*** Provided records Section Begins ***

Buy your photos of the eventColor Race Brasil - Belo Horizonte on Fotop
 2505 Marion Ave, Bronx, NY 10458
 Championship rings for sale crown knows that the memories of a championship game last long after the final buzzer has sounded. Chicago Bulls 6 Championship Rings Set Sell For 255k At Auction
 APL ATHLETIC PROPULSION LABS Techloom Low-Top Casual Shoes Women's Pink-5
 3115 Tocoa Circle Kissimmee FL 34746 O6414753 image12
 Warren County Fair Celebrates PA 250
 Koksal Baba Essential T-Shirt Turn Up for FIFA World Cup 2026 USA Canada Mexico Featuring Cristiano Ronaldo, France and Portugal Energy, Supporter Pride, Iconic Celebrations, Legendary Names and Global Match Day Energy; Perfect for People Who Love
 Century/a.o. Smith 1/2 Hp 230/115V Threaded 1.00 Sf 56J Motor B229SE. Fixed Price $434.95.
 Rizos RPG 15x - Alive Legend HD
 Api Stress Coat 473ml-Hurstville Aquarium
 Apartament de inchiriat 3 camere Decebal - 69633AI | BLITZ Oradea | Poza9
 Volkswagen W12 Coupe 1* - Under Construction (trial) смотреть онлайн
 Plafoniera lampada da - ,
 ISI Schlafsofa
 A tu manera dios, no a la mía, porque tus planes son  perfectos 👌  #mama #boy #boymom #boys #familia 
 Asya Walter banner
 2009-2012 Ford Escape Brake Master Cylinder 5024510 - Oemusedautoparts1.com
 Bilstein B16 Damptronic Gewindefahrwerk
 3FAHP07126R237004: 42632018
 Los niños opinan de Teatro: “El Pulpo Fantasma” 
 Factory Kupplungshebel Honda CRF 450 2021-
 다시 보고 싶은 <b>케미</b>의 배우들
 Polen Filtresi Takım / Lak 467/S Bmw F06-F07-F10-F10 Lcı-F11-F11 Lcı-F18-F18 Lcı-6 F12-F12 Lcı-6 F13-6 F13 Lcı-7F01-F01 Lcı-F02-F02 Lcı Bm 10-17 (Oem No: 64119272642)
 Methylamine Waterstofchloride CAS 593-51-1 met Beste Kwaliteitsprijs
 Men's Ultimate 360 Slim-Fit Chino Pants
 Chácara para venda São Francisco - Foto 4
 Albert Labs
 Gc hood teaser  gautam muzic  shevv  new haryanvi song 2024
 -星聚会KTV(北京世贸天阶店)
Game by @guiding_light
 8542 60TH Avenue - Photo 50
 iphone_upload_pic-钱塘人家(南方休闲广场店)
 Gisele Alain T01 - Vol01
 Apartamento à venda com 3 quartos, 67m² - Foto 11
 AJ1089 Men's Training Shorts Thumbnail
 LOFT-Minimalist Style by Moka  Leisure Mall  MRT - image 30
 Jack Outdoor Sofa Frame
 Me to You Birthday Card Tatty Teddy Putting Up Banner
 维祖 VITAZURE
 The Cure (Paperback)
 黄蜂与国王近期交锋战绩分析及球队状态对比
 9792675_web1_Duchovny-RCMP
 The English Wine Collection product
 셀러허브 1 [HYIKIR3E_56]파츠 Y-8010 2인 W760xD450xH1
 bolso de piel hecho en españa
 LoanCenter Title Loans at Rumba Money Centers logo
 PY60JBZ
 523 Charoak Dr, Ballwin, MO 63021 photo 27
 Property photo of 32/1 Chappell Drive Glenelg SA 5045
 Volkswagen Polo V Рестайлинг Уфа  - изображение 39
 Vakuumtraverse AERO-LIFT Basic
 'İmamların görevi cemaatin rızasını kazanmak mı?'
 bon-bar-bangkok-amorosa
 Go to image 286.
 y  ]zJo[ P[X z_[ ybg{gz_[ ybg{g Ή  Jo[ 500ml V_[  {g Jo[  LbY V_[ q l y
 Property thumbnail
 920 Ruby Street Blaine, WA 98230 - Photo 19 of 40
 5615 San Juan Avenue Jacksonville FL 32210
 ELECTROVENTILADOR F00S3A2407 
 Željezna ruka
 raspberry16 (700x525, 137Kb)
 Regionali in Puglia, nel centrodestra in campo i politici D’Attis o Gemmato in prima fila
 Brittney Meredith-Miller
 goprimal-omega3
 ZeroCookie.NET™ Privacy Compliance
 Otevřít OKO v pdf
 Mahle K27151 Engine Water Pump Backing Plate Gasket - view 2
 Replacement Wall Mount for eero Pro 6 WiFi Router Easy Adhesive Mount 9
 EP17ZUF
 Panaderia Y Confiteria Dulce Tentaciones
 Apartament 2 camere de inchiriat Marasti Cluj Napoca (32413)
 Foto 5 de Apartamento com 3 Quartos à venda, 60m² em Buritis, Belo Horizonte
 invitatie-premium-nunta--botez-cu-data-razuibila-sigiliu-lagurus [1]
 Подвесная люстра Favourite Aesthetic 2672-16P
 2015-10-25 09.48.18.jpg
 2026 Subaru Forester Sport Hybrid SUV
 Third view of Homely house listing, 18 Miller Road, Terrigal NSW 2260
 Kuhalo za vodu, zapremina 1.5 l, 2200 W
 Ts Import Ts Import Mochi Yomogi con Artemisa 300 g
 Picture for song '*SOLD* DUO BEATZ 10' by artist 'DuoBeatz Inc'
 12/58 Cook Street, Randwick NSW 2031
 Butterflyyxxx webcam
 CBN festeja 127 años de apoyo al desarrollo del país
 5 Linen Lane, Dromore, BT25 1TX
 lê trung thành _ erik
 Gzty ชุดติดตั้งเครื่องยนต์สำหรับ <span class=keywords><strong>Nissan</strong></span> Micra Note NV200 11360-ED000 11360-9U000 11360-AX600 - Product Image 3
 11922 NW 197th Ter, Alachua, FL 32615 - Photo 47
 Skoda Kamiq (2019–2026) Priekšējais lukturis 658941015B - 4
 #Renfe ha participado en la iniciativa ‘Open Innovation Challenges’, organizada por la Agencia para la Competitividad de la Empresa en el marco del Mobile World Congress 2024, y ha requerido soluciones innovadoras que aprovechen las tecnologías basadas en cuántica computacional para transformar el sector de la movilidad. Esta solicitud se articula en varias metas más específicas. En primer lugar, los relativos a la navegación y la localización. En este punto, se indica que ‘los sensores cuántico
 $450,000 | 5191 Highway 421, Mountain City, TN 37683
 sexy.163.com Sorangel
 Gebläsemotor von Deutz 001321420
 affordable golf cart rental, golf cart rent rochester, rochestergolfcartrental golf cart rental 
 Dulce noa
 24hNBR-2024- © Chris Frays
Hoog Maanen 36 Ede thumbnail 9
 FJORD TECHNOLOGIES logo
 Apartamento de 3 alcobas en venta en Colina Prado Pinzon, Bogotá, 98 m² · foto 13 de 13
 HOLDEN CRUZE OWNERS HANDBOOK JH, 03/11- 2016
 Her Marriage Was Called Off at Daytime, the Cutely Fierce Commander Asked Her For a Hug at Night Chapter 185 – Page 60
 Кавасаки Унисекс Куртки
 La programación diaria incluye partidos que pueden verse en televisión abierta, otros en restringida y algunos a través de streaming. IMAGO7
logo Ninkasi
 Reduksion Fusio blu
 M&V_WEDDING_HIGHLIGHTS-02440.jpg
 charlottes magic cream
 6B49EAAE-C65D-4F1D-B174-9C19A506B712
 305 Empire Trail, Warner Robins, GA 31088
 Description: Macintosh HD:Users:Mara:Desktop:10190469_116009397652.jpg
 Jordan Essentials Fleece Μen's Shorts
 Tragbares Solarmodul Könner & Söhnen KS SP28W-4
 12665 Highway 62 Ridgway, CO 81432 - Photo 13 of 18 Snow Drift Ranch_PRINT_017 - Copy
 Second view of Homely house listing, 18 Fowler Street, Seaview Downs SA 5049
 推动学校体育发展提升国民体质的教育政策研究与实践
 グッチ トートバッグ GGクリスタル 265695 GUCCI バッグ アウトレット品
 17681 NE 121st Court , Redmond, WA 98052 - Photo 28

*** Provided records Section Ends ***

What is needed:
Copy the records out again word for word.

Response to the task:
Buy your photos of the eventColor Race Brasil - Belo Horizonte on Fotop
 2505 Marion Ave, Bronx, NY 10458
 Championship rings for sale crown knows that the memories of a championship game last long after the final buzzer has sounded. Chicago Bulls 6 Championship Rings Set Sell For 255k At Auction
 APL ATHLETIC PROPULSION LABS Techloom Low-Top Casual Shoes Women's Pink-5
 3115 Tocoa Circle Kissimmee FL 34746 O6414753 image12
 Warren County Fair Celebrates PA 250
 Koksal Baba Essential T-Shirt Turn Up for FIFA World Cup 2026 USA Canada Mexico Featuring Cristiano Ronaldo, France and Portugal Energy, Supporter Pride, Iconic Celebrations, Legendary Names and Global Match Day Energy; Perfect for People Who Love
 Century/a.o. Smith 1/2 Hp 230/115V Threaded 1.00 Sf 56J Motor B229SE. Fixed Price $434.95.
 Rizos RPG 15x - Alive Legend HD
 Api Stress Coat 473ml-Hurstville Aquarium
 Apartament de inchiriat 3 camere Decebal - 69633AI | BLITZ Oradea | Poza9
 Volkswagen W12 Coupe 1* - Under Construction (trial) смотреть онлайн
 Plafoniera lampada da - ,
 ISI Schlafsofa
 A tu manera dios, no a la mía, porque tus planes son  perfectos 👌  #mama #boy #boymom #boys #familia 
 Asya Walter banner
 2009-2012 Ford Escape Brake Master Cylinder 5024510 - Oemusedautoparts1.com
 Bilstein B16 Damptronic Gewindefahrwerk
 3FAHP07126R237004: 42632018
 Los niños opinan de Teatro: “El Pulpo Fantasma” 
 Factory Kupplungshebel Honda CRF 450 2021-
 다시 보고 싶은 <b>케미</b>의 배우들
 Polen Filtresi Takım / Lak 467/S Bmw F06-F07-F10-F10 Lcı-F11-F11 Lcı-F18-F18 Lcı-6 F12-F12 Lcı-6 F13-6 F13 Lcı-7F01-F01 Lcı-F02-F02 Lcı Bm 10-17 (Oem No: 64119272642)
 Methylamine Waterstofchloride CAS 593-51-1 met Beste Kwaliteitsprijs
 Men's Ultimate 360 Slim-Fit Chino Pants
 Chácara para venda São Francisco - Foto 4
 Albert Labs
 Gc hood teaser  gautam muzic  shevv  new haryanvi song 2024
 -星聚会KTV(北京世贸天阶店)
Game by @guiding_light
 8542 60TH Avenue - Photo 50
 iphone_upload_pic-钱塘人家(南方休闲广场店)
 Gisele Alain T01 - Vol01
 Apartamento à venda com 3 quartos, 67m² - Foto 11
 AJ1089 Men's Training Shorts Thumbnail
 LOFT-Minimalist Style by Moka  Leisure Mall  MRT - image 30
 Jack Outdoor Sofa Frame
 Me to You Birthday Card Tatty Teddy Putting Up Banner
 维祖 VITAZURE
 The Cure (Paperback)
 黄蜂与国王近期交锋战绩分析及球队状态对比
 9792675_web1_Duchovny-RCMP
 The English Wine Collection product
 셀러허브 1 [HYIKIR3E_56]파츠 Y-8010 2인 W760xD450xH1
 bolso de piel hecho en españa
 LoanCenter Title Loans at Rumba Money Centers logo
 PY60JBZ
 523 Charoak Dr, Ballwin, MO 63021 photo 27
 Property photo of 32/1 Chappell Drive Glenelg SA 5045
 Volkswagen Polo V Рестайлинг Уфа  - изображение 39
 Vakuumtraverse AERO-LIFT Basic
 'İmamların görevi cemaatin rızasını kazanmak mı?'
 bon-bar-bangkok-amorosa
 Go to image 286.
 y  ]zJo[ P[X z_[ ybg{gz_[ ybg{g Ή  Jo[ 500ml V_[  {g Jo[  LbY V_[ q l y
 Property thumbnail
 920 Ruby Street Blaine, WA 98230 - Photo 19 of 40
 5615 San Juan Avenue Jacksonville FL 32210
 ELECTROVENTILADOR F00S3A2407 
 Željezna ruka
 raspberry16 (700x525, 137Kb)
 Regionali in Puglia, nel centrodestra in campo i politici D’Attis o Gemmato in prima fila
 Brittney Meredith-Miller
 goprimal-omega3
 ZeroCookie.NET™ Privacy Compliance
 Otevřít OKO v pdf
 Mahle K27151 Engine Water Pump Backing Plate Gasket - view 2
 Replacement Wall Mount for eero Pro 6 WiFi Router Easy Adhesive Mount 9
 EP17ZUF
 Panaderia Y Confiteria Dulce Tentaciones
 Apartament 2 camere de inchiriat Marasti Cluj Napoca (32413)
 Foto 5 de Apartamento com 3 Quartos à venda, 60m² em Buritis, Belo Horizonte
 invitatie-premium-nunta--botez-cu-data-razuibila-sigiliu-lagurus [1]
 Подвесная люстра Favourite Aesthetic 2672-16P
 2015-10-25 09.48.18.jpg
 2026 Subaru Forester Sport Hybrid SUV
 Third view of Homely house listing, 18 Miller Road, Terrigal NSW 2260
 Kuhalo za vodu, zapremina 1.5 l, 2200 W
 Ts Import Ts Import Mochi Yomogi con Artemisa 300 g
 Picture for song '*SOLD* DUO BEATZ 10' by artist 'DuoBeatz Inc'
 12/58 Cook Street, Randwick NSW 2031
 Butterflyyxxx webcam
 CBN festeja 127 años de apoyo al desarrollo del país
 5 Linen Lane, Dromore, BT25 1TX
 lê trung thành _ erik
 Gzty ชุดติดตั้งเครื่องยนต์สำหรับ <span class=keywords><strong>Nissan</strong></span> Micra Note NV200 11360-ED000 11360-9U000 11360-AX600 - Product Image 3
 11922 NW 197th Ter, Alachua, FL 32615 - Photo 47
 Skoda Kamiq (2019–2026) Priekšējais lukturis 658941015B - 4
 #Renfe ha participado en la iniciativa ‘Open Innovation Challenges’, organizada por la Agencia para la Competitividad de la Empresa en el marco del Mobile World Congress 2024, y ha requerido soluciones innovadoras que aprovechen las tecnologías basadas en cuántica computacional para transformar el sector de la movilidad. Esta solicitud se articula en varias metas más específicas. En primer lugar, los relativos a la navegación y la localización. En este punto, se indica que ‘los sensores cuántico
 $450,000 | 5191 Highway 421, Mountain City, TN 37683
 sexy.163.com Sorangel
 Gebläsemotor von Deutz 001321420
 affordable golf cart rental, golf cart rent rochester, rochestergolfcartrental golf cart rental 
 Dulce noa
 24hNBR-2024- © Chris Frays
Hoog Maanen 36 Ede thumbnail 9
 FJORD TECHNOLOGIES logo
 Apartamento de 3 alcobas en venta en Colina Prado Pinzon, Bogotá, 98 m² · foto 13 de 13
 HOLDEN CRUZE OWNERS HANDBOOK JH, 03/11- 2016
 Her Marriage Was Called Off at Daytime, the Cutely Fierce Commander Asked Her For a Hug at Night Chapter 185 – Page 60
 Кавасаки Унисекс Куртки
 La programación diaria incluye partidos que pueden verse en televisión abierta, otros en restringida y algunos a través de streaming. IMAGO7
logo Ninkasi
 Reduksion Fusio blu
 M&V_WEDDING_HIGHLIGHTS-02440.jpg
 charlottes magic cream
 6B49EAAE-C65D-4F1D-B174-9C19A506B712
 305 Empire Trail, Warner Robins, GA 31088
 Description: Macintosh HD:Users:Mara:Desktop:10190469_116009397652.jpg
 Jordan Essentials Fleece Μen's Shorts
 Tragbares Solarmodul Könner & Söhnen KS SP28W-4
 12665 Highway 62 Ridgway, CO 81432 - Photo 13 of 18 Snow Drift Ranch_PRINT_017 - Copy
 Second view of Homely house listing, 18 Fowler Street, Seaview Downs SA 5049
 推动学校体育发展提升国民体质的教育政策研究与实践
 グッチ トートバッグ GGクリスタル 265695 GUCCI バッグ アウトレット品
 17681 NE 121st Court , Redmond, WA 98052 - Photo 28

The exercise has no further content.